The West Memphis Three is shorthand for Damien Echols, Jessie Misskelley, and Jason Baldwin, three men who were convicted of the 1993 murder of three young boys in West Memphis, Arkansas. They were released yesterday after new evidence questioning their convictions came to light.
Okay, that’s not really true. There were questions about the validity of the charges almost from the beginning. For background information, you can visit WM3.org.
Damien Echols releases this statement after his release.
But Echols, Misskelly and Baldwin haven’t been exonerated yet. They entered an Alford plea, which allows them to plead guilty without admitting guilt. “Although an Alford plea is treated as a guilty plea for sentencing, it cannot be held against the three men in any subsequent criminal prosecution or civil proceeding.”

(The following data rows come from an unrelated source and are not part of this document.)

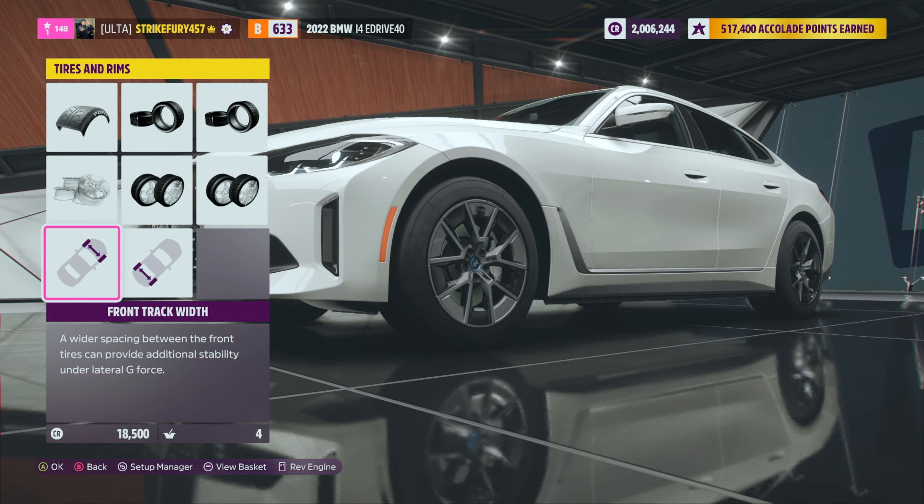Let's lower this — absolutely. You got the nice fitment looking great. How much weight is this thing? We are at 4,632 pounds. We just dropped 1,007 pounds out of here — perfect. That's gonna increase our acceleration a lot.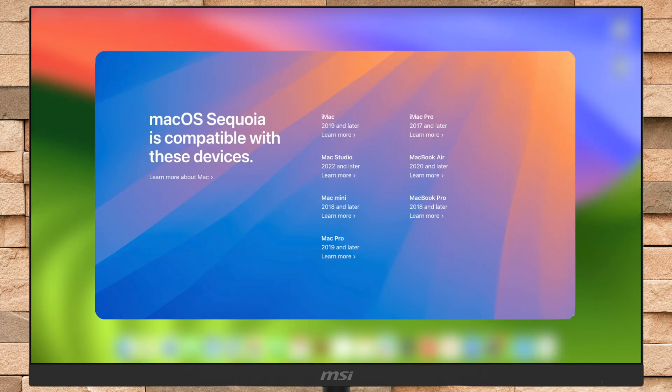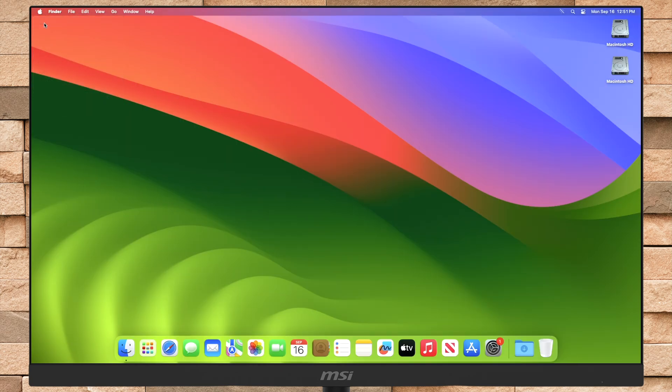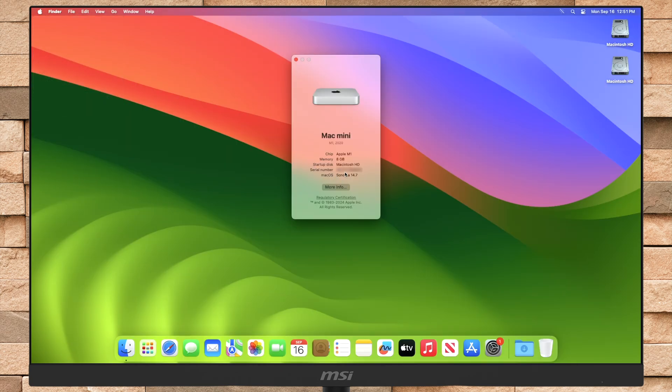Before proceeding further, ensure your Mac is compatible with macOS Sequoia. To know about the macOS Sequoia compatibility list, follow the guide from iButton. For this tutorial, I'm using an Apple M1 Mac Mini with macOS Sonoma 14.7 installed.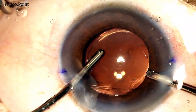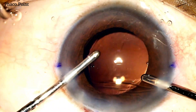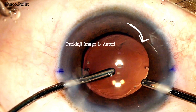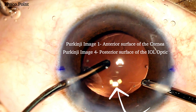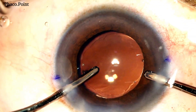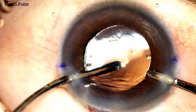Let's see how we confirm that the alignment is optimal. In order to ascertain the optimal placement of the IOL, we take the two Purkinje images — image 1 on the cornea and image 4 on the posterior surface of the optic. Under direct visualization, we need to superimpose both these images one on top of the other. This signifies that the eye is perfectly aligned in the visual axis.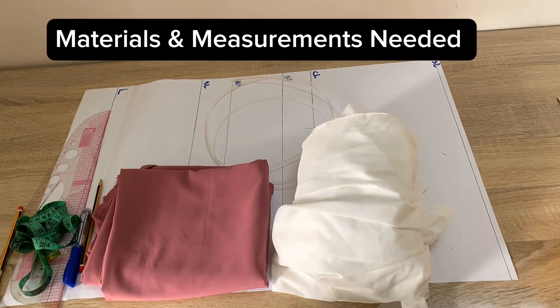First I'll be showing you the materials and measurements you'll need to make this Victorian corset. I have this crepe fabric which is about two and a half yards — this is a non-stretchy fabric, it just has some strength to it. I also have my interfacing, which is hair stay, and that's what I'll be using throughout the tutorial. I also have my boning — this is just a normal size.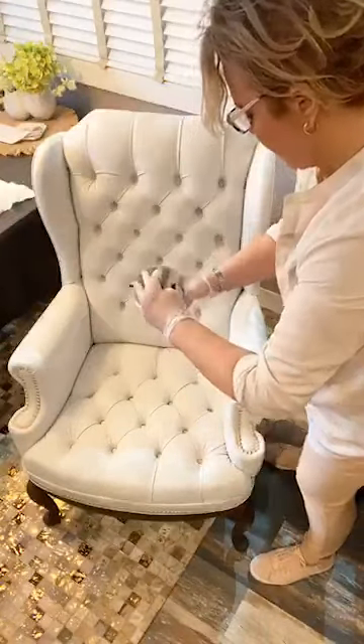Catherine asks about the colors of my walls — this is Oyster here on this wall. Look how good it looks with Colosseum. The trim here is also Colosseum, so this chair and that trim are all the same white.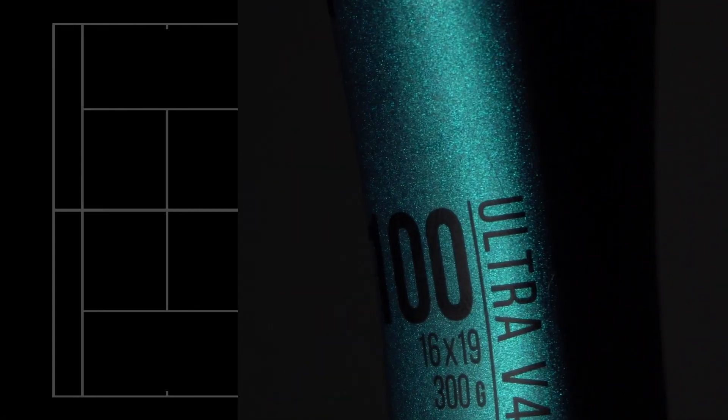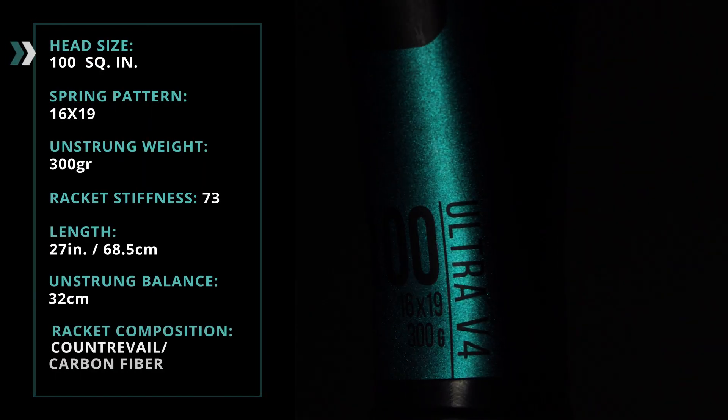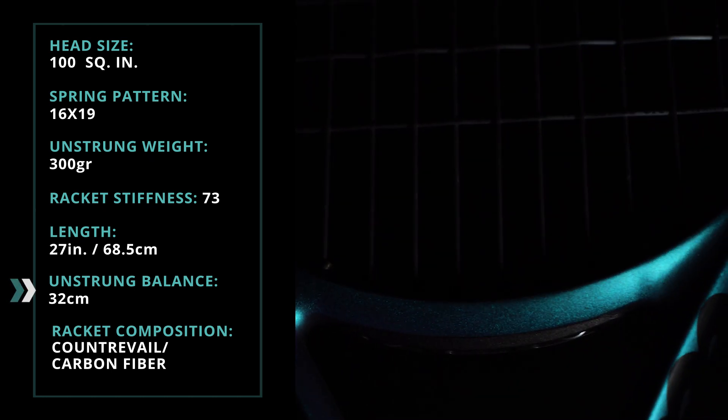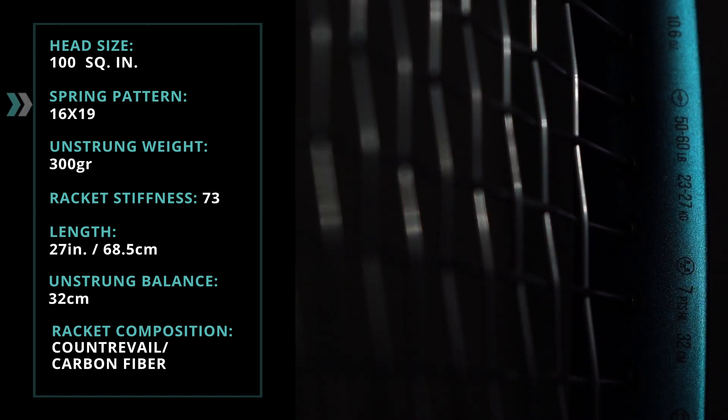Let's check the specifications of the new Ultra 100 V4. Its head size is 100 square inches, its unstrung weight 300 grams, its balance 32 cm, its stiffness is at 73 RA, and the string pattern is 16 by 19.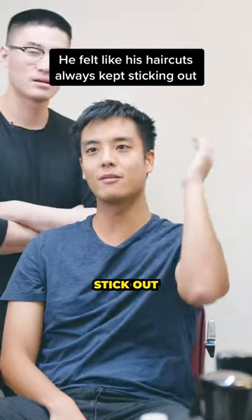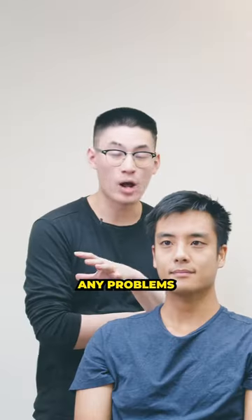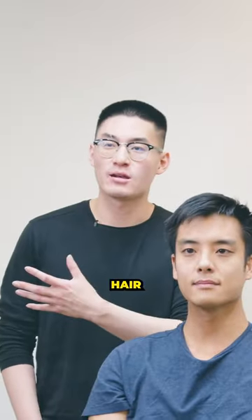Sides have always been an issue for me because they just stick out — it's like all other Asian hair. The top I want to keep at this length. Any problems with the current hairstyle? It just looks a little unkempt. I just want to clean up the sides a lot. Straight Asian hair, a common problem.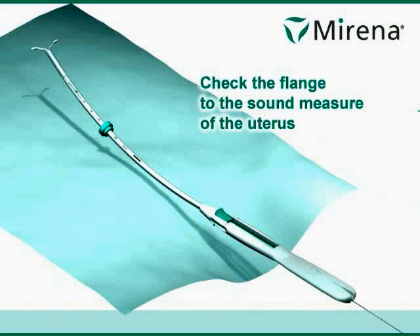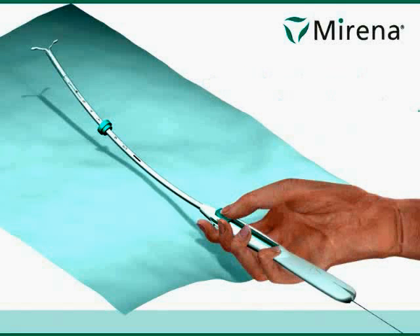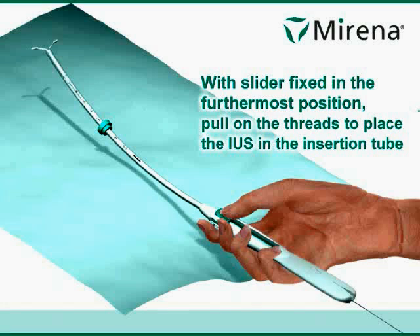Check the flange to the sound measure of the uterus. Check thumb position. With the slider fixed in the furthermost position, pull on the threads to place the IUS in the insertion tube.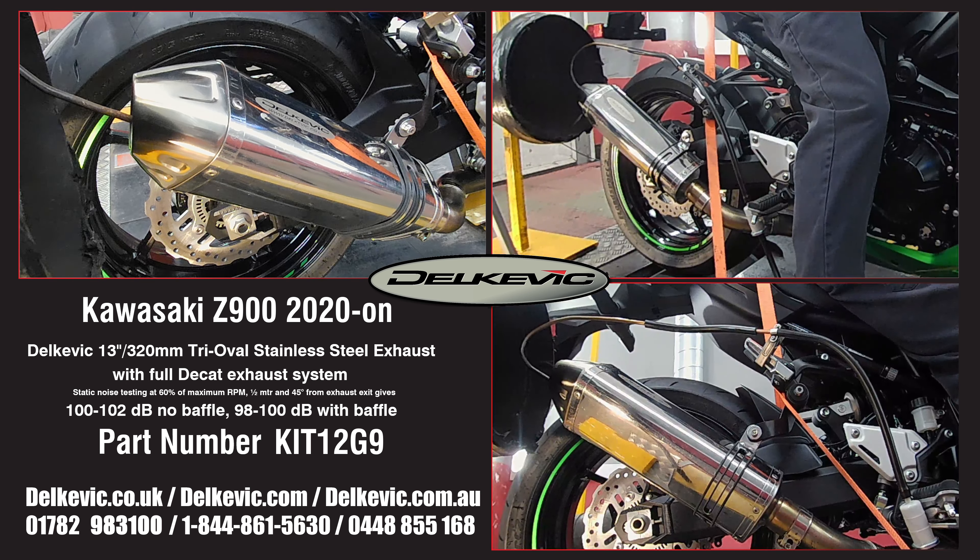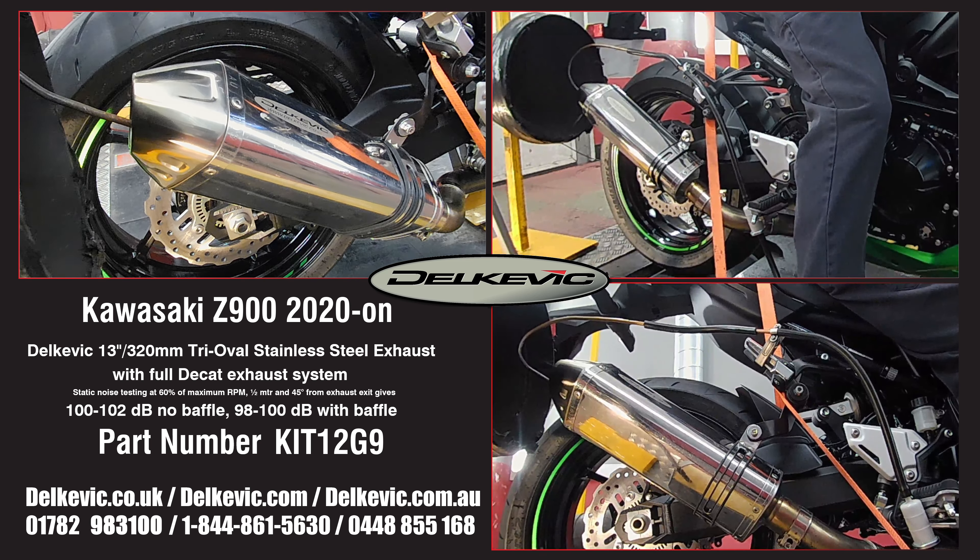It's on the dyno as part of the extensive research and development we do for every system on every bike. This testing allows us to confirm that no fueling modifications are necessary. You just fit and ride.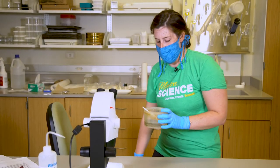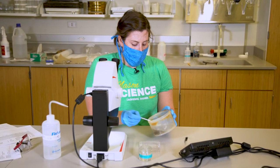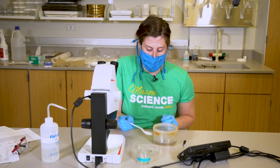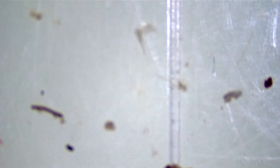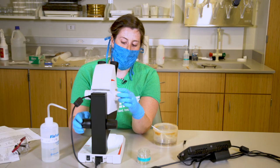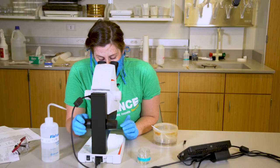Now that we have our sample, we are going to look at it under the microscope. The first thing we're going to do is take a small scoop of our sample and put it into this plastic tray. Once we do that, we move it onto the scope and we want to make sure that we're able to see very clearly through the lens. To do that we use these two knobs — one will be a coarse focus and the other one will be a finer focus. You're going to look through the lens and just turn the knobs until you're able to see the image of your sample clearly.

One of the defense attorneys for the West Memphis Three says their conviction was “part of a satanic panic in small town community.” Prosecutors claimed that the murders were part of a Satanic ritual, and pointed to the three men’s taste in music as evidence.
Arkansas Attorney General Dustin McDaniel was ready to defend the convictions, despite the fact that none of the DNA found at the scene could be linked to any of the defendants, but could be linked to another suspect.
The parents of the victims in this case mixed feelings about yesterday’s decision.
Bruce Sinofsky and Joe Berlinger, two documentary filmmakers who have followed this story since 1993, have to make a few changes to their latest documentary on the subject.